The "shock and awe" strategy also carries the risk of blowing up in ministers faces, when people judge their enthusiasm as shrill hype. Today's report from the British Geological Survey estimating the fuel buried beneath Kent, Sussex and Hampshire concludes there is 4.4bn barrels of oil under there, although no gas at all. But it notes: "There is a high degree of uncertainty in these figures. Indeed, there is a chance that there may be little or no ‘free oil’."
Professor Andrew Aplin, a shale expert at Durham University, says the heavy, viscous nature of the Weald oil and the tight, clay-rich rocks mean little oil may be extractable. “We might estimate that 1% of the Weald oil resource might be recoverable. This would equate to 0.05 billion barrels, which is about two months UK consumption. From a national perspective, this seems to be a rather small prize.” The same dashing of hopes has just occurred in the US, where the official government estimate for the nation's largest shale oil prospect has just plummeted by 96%.
The government's forced marched of the nation up the fracking hill, assisted by some frack-friendly media, is even worrying some in the industry. They say privately that excessive hype risks shooting down development before it even gets going.
Selling fracking was never going to be easy. Conservative MP Laura Sandys says "onshore wind is a walk in the park, by comparison", while former Tory energy minister Lord Howell says it will cost the party thousands of votes in crucial rural seats. Even fracking enthusiast and energy minister Michael Fallon faces opposition in his own Sevenoaks constituency, with his local party chairman saying he would be “uneasy” about the weakened trespass law because “an Englishman’s home has always been his castle”.

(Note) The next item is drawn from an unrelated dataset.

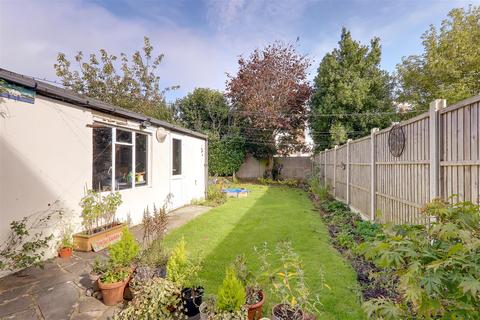 24 Rectory Gardens, Worthing, BN14 7TE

If the government really wants to win the fracking war, it needs to follow the path explained to me by one oil and gas industry veteran, who has spent decades developing new fields all over the world. You need to start small, slow and steady, prove the doubters wrong with scrupulous good practice and openness and also convince people their fears, not the industry's, take priority. The government's big bang approach is the exact opposite.